Partner readiness and the two-speed ecosystem. Large global integrators will absorb this quickly. The long tail of smaller partners, many of whom built profitable businesses on the manual audit work the platform now automates, faces real model disruption. Cisco reports more than 16,000 Black Belt certifications across its partner services, but a certification is not a business model, and the enablement has to match the ambition.

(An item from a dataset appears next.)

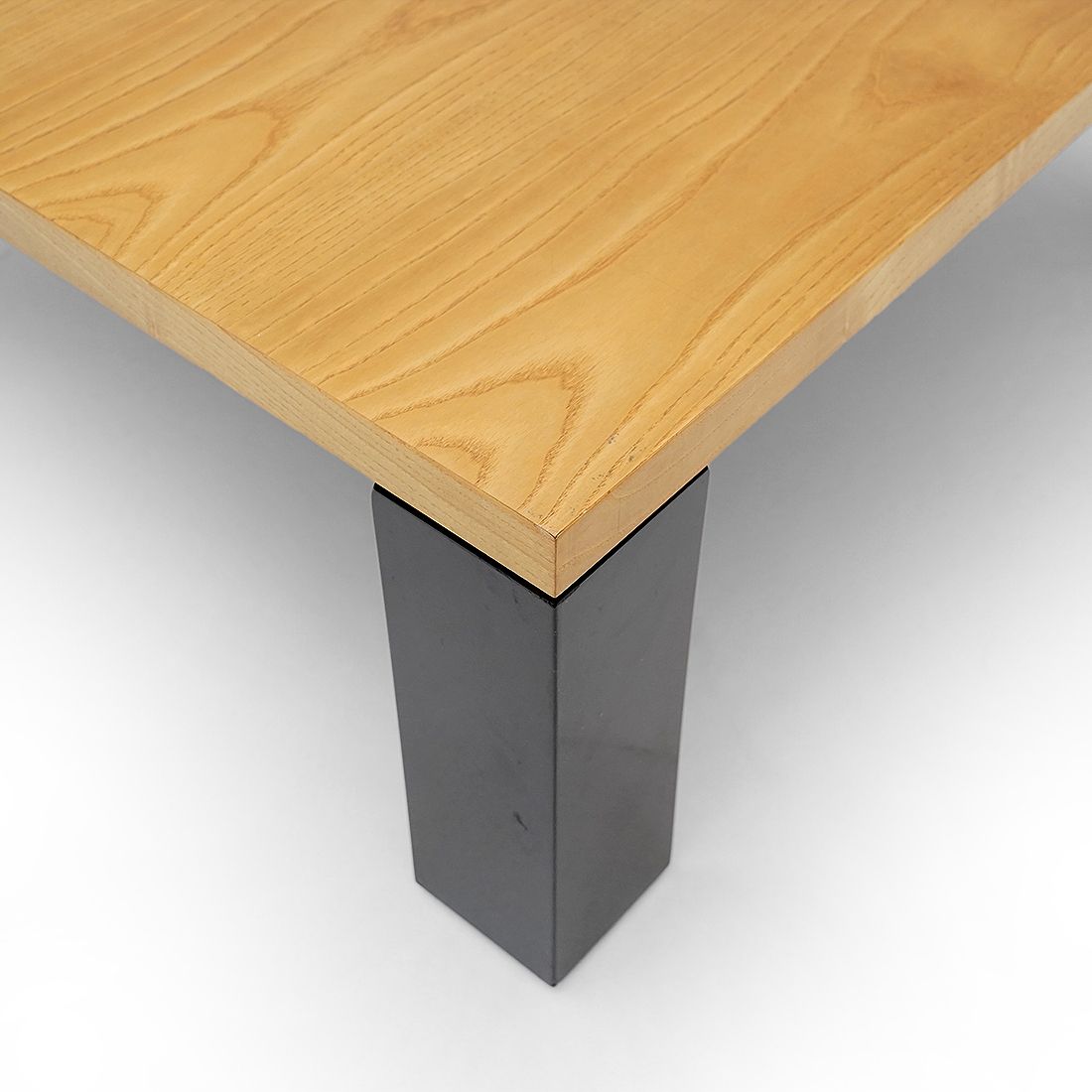 photo buy “Eretteo” Square Coffee Table By Orni Halloween For Artemide, 1970s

The durability of the economics. Bundling Cisco IQ into existing tiers is the right call for adoption velocity, but continuous telemetry processing, ML inference, agentic workflows, and quantum cryptographic analysis are not cheap to deliver at scale. Either Cisco has built that into its long-term cost model, or the most valuable intelligence eventually migrates behind premium entitlements, at which point the free-distribution strategy quietly reverses. That is the signal I am watching for.

The Bigger Picture

Twelve months ago, I argued that the future of enterprise support lay in prevention rather than faster resolution, and that Cisco’s pairing of deterministic ML with generative reasoning was a real architectural difference, not a slogan. Cisco Live 2026 was that argument meeting reality, and the through-line was simpler than the four announcements made it look. Cisco built a continuously legible estate and aimed it at prevention, then at security, then at the cryptographic transition, with the same capability under each.

2,036 onboardings in six weeks have moved well past vision-slide territory, and 15% of cases closing with no human is no longer a pilot result. What I trust most is the willingness to put the Overwatch paradox on stage at all. An organization that shows you its hardest unsolved problem is usually an engineering-led one, and that tells you more than any demo did.

Cisco shipped working capability while much of the field is still announcing intentions. The harder question now belongs to the customers and partners who have to operationalize what Cisco made visible, and that is what I will be tracking.